**Assignment:**
Aside from the pictures, copy the listing exactly.

**Provided data:**
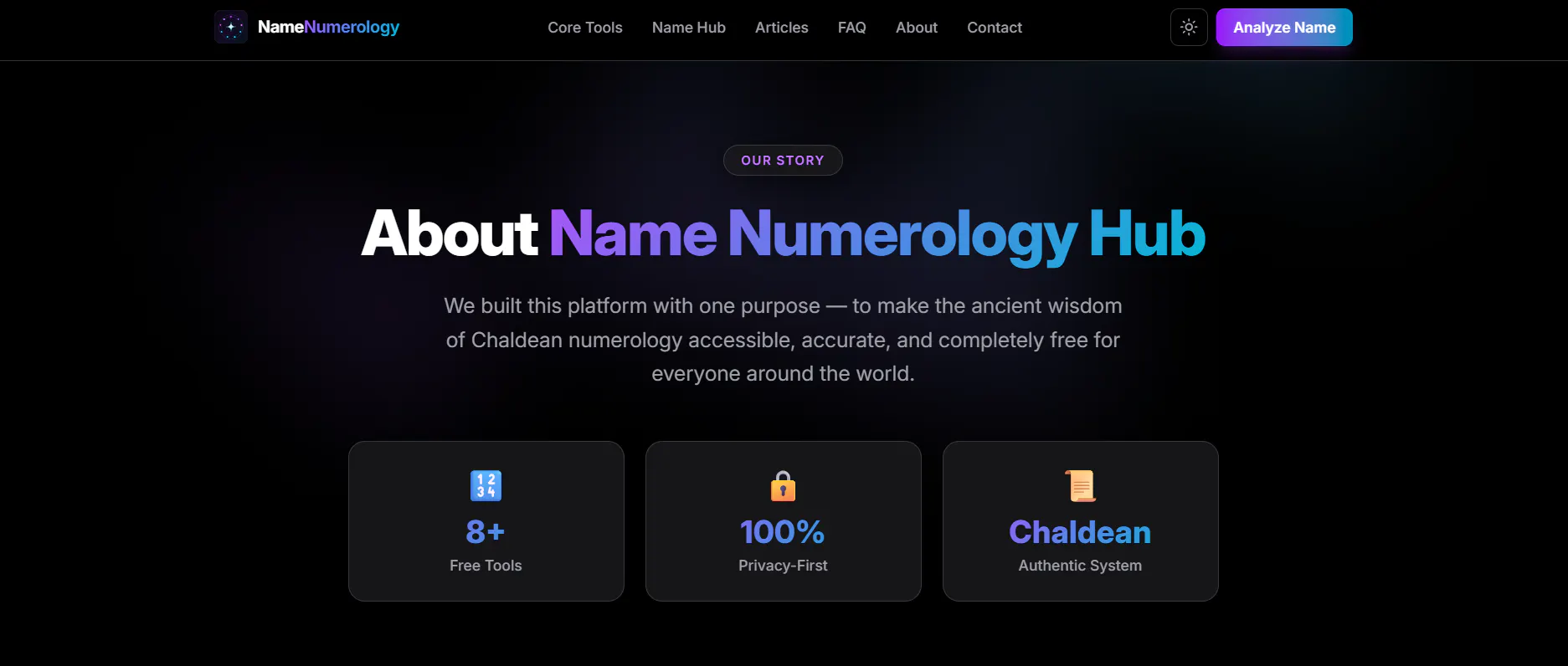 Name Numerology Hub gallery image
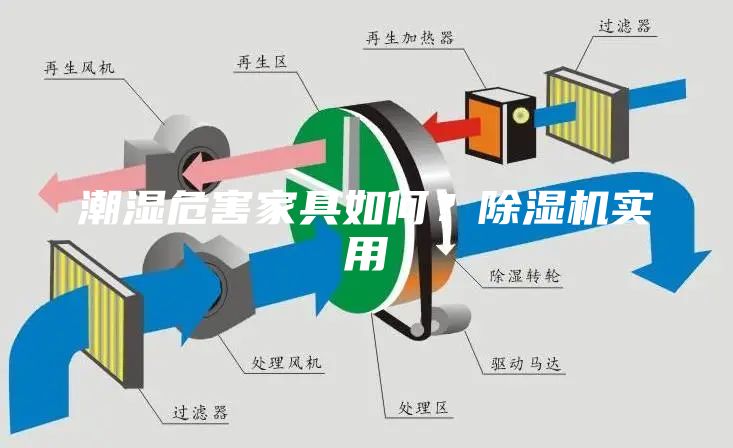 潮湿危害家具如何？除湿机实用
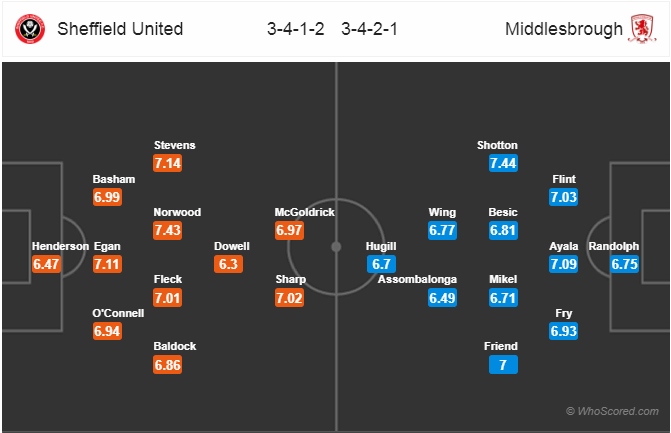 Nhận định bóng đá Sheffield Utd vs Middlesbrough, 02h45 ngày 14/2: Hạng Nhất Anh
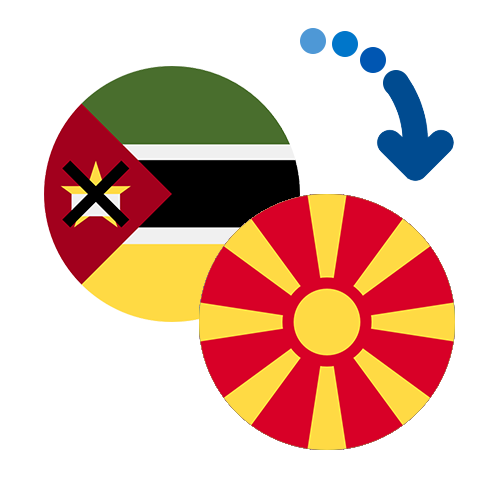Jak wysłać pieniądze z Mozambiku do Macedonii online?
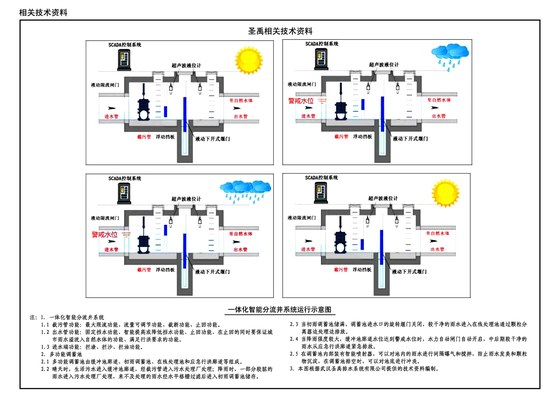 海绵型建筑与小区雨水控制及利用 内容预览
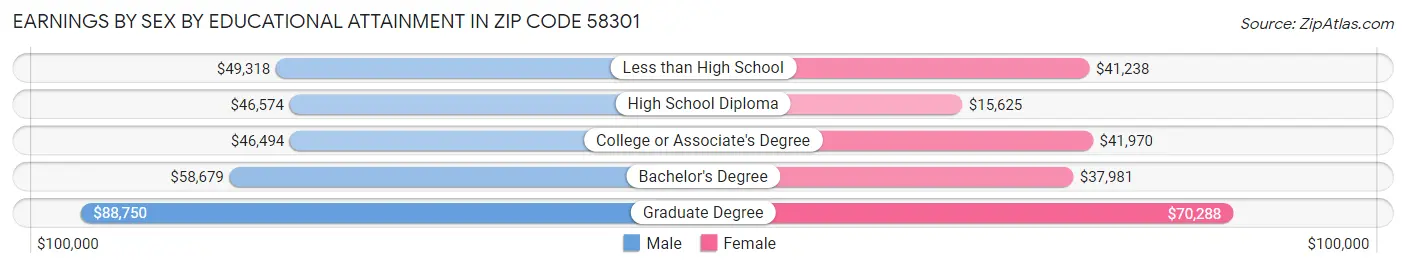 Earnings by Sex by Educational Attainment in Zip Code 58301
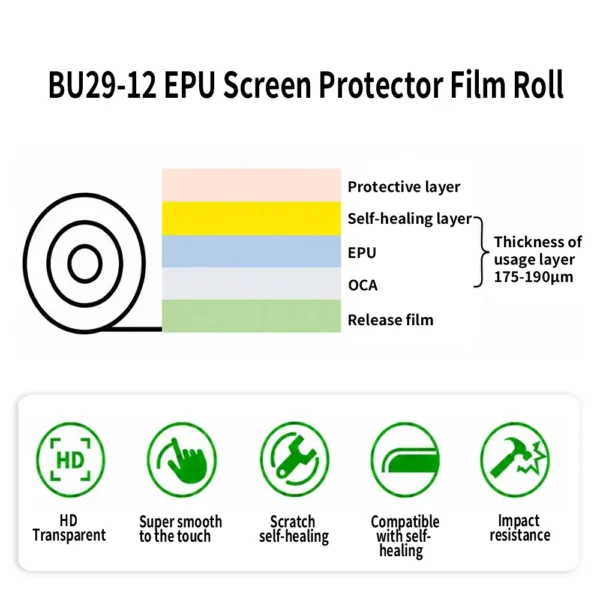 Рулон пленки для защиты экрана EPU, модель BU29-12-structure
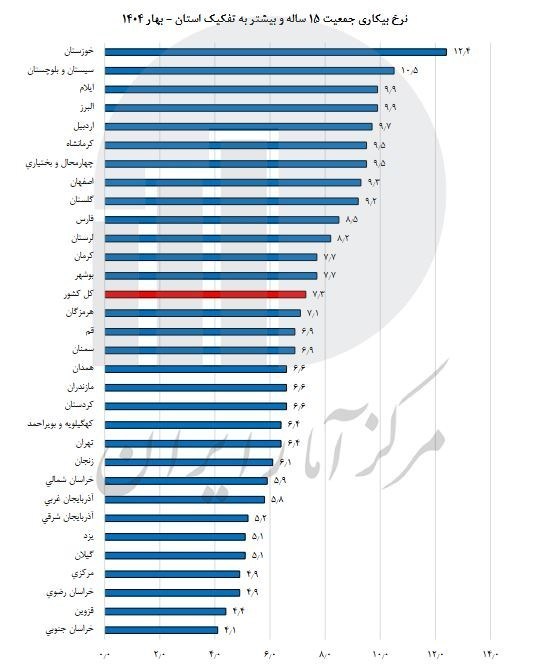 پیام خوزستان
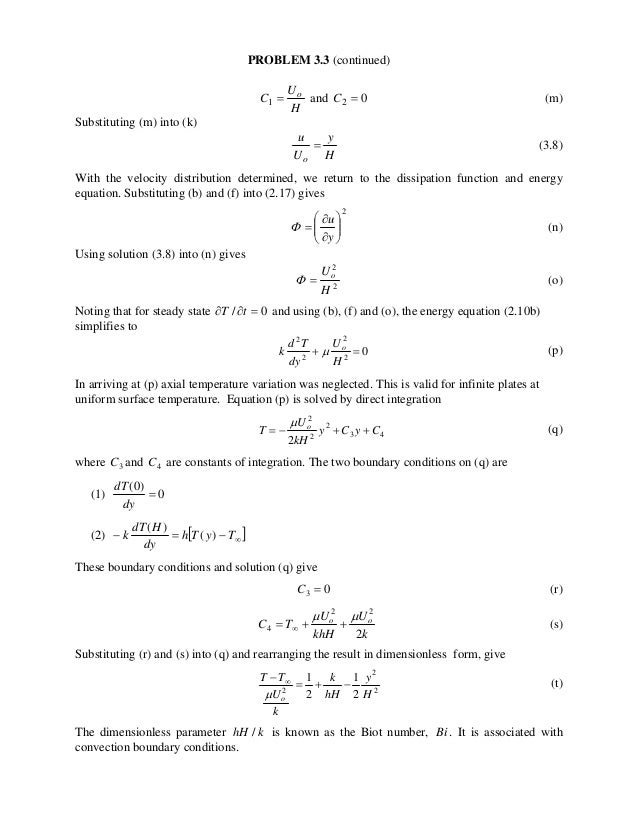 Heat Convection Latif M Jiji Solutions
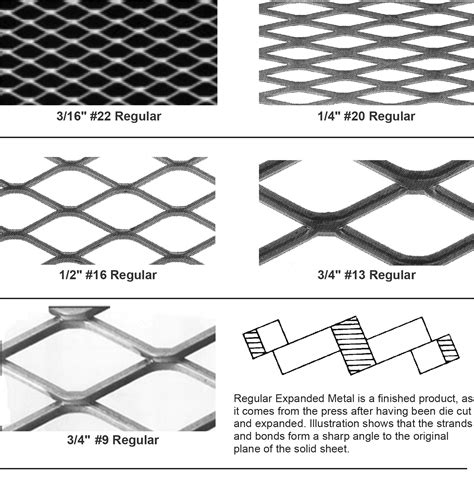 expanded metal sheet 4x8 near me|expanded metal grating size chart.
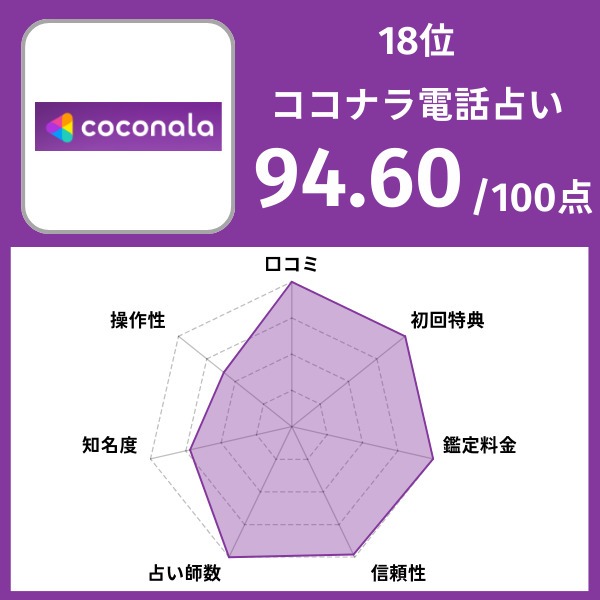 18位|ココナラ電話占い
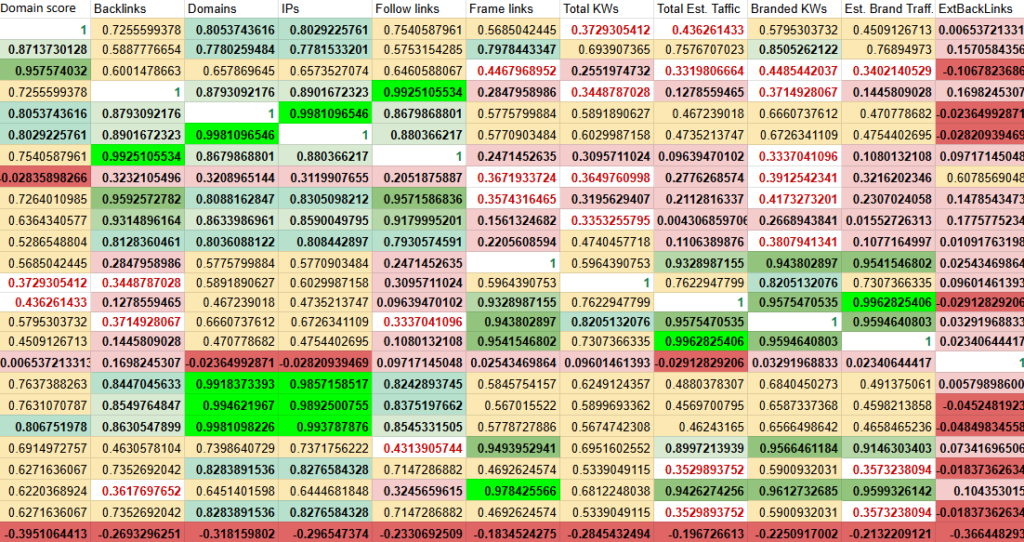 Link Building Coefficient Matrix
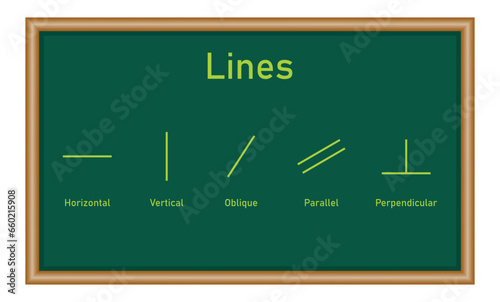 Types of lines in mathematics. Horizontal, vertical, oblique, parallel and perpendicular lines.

**Answer to the exercise:**
 Name Numerology Hub gallery image
 潮湿危害家具如何？除湿机实用
 Nhận định bóng đá Sheffield Utd vs Middlesbrough, 02h45 ngày 14/2: Hạng Nhất Anh
Jak wysłać pieniądze z Mozambiku do Macedonii online?
 海绵型建筑与小区雨水控制及利用 内容预览
 Earnings by Sex by Educational Attainment in Zip Code 58301
 Рулон пленки для защиты экрана EPU, модель BU29-12-structure
 پیام خوزستان
 Heat Convection Latif M Jiji Solutions
 expanded metal sheet 4x8 near me|expanded metal grating size chart.
 18位|ココナラ電話占い
 Link Building Coefficient Matrix
 Types of lines in mathematics. Horizontal, vertical, oblique, parallel and perpendicular lines.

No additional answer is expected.